Every year the National Association of State Chief Information Officers (NASCIO) produces the State CIO Top 10 Priorities, which is a collection of responses from state CIOs. For most of the last decade survey results have varied somewhat, but items that have remained consistent include: the importance of cyber security, cloud services, consolidation and Budget/Fiscal Management. I can personally attest to this, as I have been associated with NASCIO since 2008 as state Chief Technology Officer and state Chief Information Officer for the Commonwealth of Pennsylvania, as well as Vice President of Technology for ViON Corporation. Although cyber security is near and dear to my heart, I want to focus on three of the top ten state priorities:
- Cloud Services
- Budget, Cost Control, Fiscal Management
What strikes me is the effect these three priorities have on each other. The overarching goal of delivering IT services to state agencies, and by extension their citizens, is to provide services more effectively and at a price point that budgets can absorb. The promise of savings and simplicity of cloud services has been widely documented, but in reality, perceived savings have yet to be realized and deploying legacy applications to the public cloud has become a more daunting task than expected. In many instances, IT shops within state agencies have sticker shock when they receive monthly invoices.

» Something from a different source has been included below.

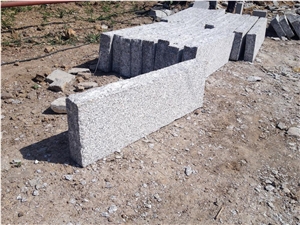 G341 Granite Palisade,Two Big Sides B.H.,Other Two Sides Pineappled,Ends Sawn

While these challenges are real, it does not mean that cloud services are not worth pursuing. In fact, just the opposite is true. What if you could control a public cloud environment and services from behind the firewall? What if you could offer public cloud services from the perspective of on-premise? What if you could deploy legacy applications to a public cloud-like service in a state’s data center? How much easier would that message be to communicate to state agencies requiring federal compliancy audits from CJIS and IRS Pub 1075?

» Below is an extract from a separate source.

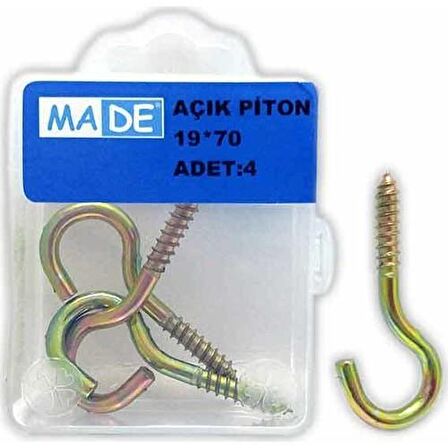 Made Açık Piton 19 x 70 (1 Kutu:4 Adet ) ST-50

The ideal scenario is to take the look and feel and ease of public cloud and integrate it into a state data center. From a user’s perspective it would be a very similar experience to Microsoft Azure or AWS, but in actuality they would be residing in the state’s enterprise data center. This is exactly what ViON Enterprise CloudTM(VEC) can deliver. VEC effectively addresses both cost and complexity challenges. The ViON Cloud Services PlatformTM (VCSP) provides a common governance framework and control over service options, eliminating “surprise” invoices and the ViON Multi-Cloud OrchestratorTM (VMCO) significantly reduces complexity, delivering automation and control over legacy infrastructure, hyperconverged infrastructure, private cloud environments and public cloud deployments. It’s this level of control and management that differentiates one cloud experience from another.

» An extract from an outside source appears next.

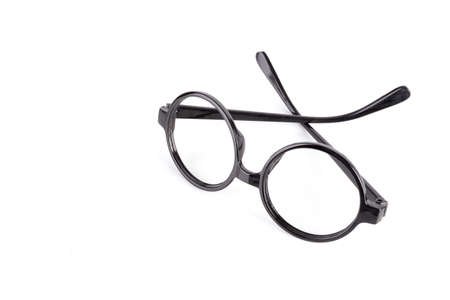 Black Eye Glasses Isolated on White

From a financial perspective, providing IT services to state agencies in an “as-a-Service” model can be difficult for providers that lack experience and resources. Calculating future capacity and factoring that into consumption rates is a complex process. How can state agencies acquire cloud services at an attractive price point while minimizing complexity and ensuring IT objectives are being met? In my role as a CIO, I looked to experience.
ViON has been providing a consumption-based IT delivery model since 2003. It started with the Department of Defense and has grown to service many more agencies at the federal and state government levels, as well as multiple organizations in the commercial sector. ViON’s financial model for infrastructure services enables CIOs to provide services/pricing for what is actually consumed, without committed volumes/rates based on what is deployed in the data center.
Moving to the cloud can be complex and if not done properly, costly. But it doesn’t need to be. Choosing a provider with experience is the first step.